7.3 Whether a country reprocesses spent fuel or not
is a key factor in determining what types and volumes of waste
have to be managed. This, in turn, may have a bearing on the long-term
management strategy that can be used. Compared to a "once-through"
fuel cycle, reprocessing reduces the volume of HLW, but increases
the volume of ILW; this could have implications for the volumes
of storage or repository space (or both) that will be required.
Over the whole fuel cycle reprocessing can reduce the volume of
LLW because if uranium and plutonium are recycled less uranium
ore needs to be mined. This off-sets the small additional radioactive
discharges to the air and sea at the reprocessing plant. The following
table shows the volumes of LLW, ILW and HLW arising from 1 GW(e)
year power generation for a fuel cycle with reprocessing and complete
recycling of uranium and plutonium, and a once-through cycle.
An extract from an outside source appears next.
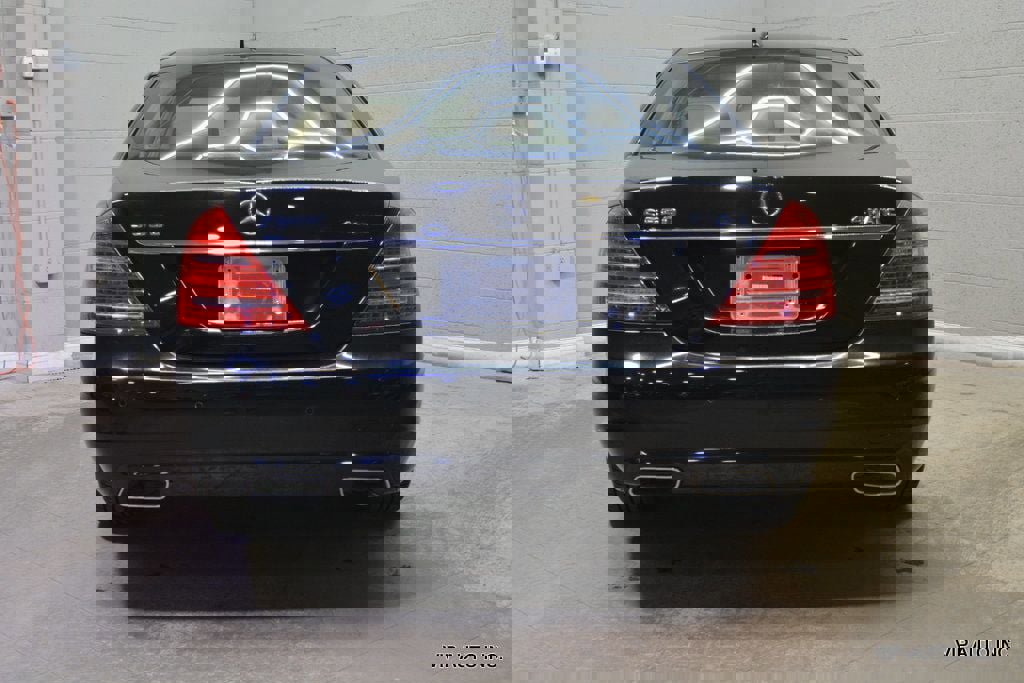 Used 2010 Mercedes-Benz S 550 4MATIC image 6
If the uranium and plutonium produced by reprocessing are not
recycled the situation is very different because of the large
repository volume that is likely to be required to accommodate
these fissile materials (see para 7.42).
Table 4 Waste arisings
|Waste type||Waste volume (cubic metres)
7.4 Reprocessing involves the chemical and physical
separation of uranium and plutonium from spent nuclear fuel. The
fuel rods are first removed from their support structure and are
chopped into sections. These sections are then dissolved in nitric
acid in order to separate the fuel from its cladding. The resulting
liquor undergoes chemical processing (e.g. using ion-exchange
and organic solvents) and physical techniques (e.g. filtering
and centrifuging) to separate the plutonium and uranium, that
can be re-used, from various waste streams containing the fission
products and fuel cladding.
7.5 The initial impetus behind reprocessing was to
supply plutonium for research and the manufacture of nuclear weapons.
More recently, reprocessing has been linked with the more positive
image of recycling (e.g. in advertisements on British television
by BNFL) to show how nuclear power can be a sustainable alternative
to fossil fuels. There is a variety of reasons for reprocessing
spent nuclear fuel:
· To produce plutonium (e.g. for weapons,
fast reactors or mixed oxide fuel, MOX).
· As a waste management strategy for dealing
with otherwise unstable fuel or fuel assemblies (e.g. for dealing
with Magnox fuel).
· To reduce the environmental impact on
uranium mining areas, by reducing uranium demand.
· To recover uranium for use in the manufacture
of new fuel (which conserves supplies of uranium, may give a degree
of fuel supply security, may be cheaper if the price of mined
uranium is high, and can save on fuel enrichment).
· To maintain a technological and commercial
advantage over competitor nations.
· To generate income, much of which could
come from overseas customers.
· To create employment.
7.6 The United Kingdom currently has three reprocessing
plants: two major facilities at Sellafield for reprocessing uranium
oxide fuels and Magnox fuel, and a minor facility at Dounreay
for fuels containing a high proportion of plutonium or highly
enriched uranium (see Box 3). The United Kingdom reprocesses spent
fuel from its Magnox reactors, advanced gas-cooled reactors (AGRs)
and some research reactors. As yet it has not reprocessed any
spent fuel from submarine reactors or from the Sizewell B pressurised
water reactor (PWR). BNFL Sellafield is reprocessing substantial
quantities of fuel from overseas customers, particularly oxide
fuels from PWRs and other light water reactors in countries such
7.7 Because of the reprocessing programme, spent
reactor fuel in the United Kingdom is not considered to be a waste.
A similar policy in favour of reprocessing has also been adopted
by other countries including Japan, France, Belgium and India.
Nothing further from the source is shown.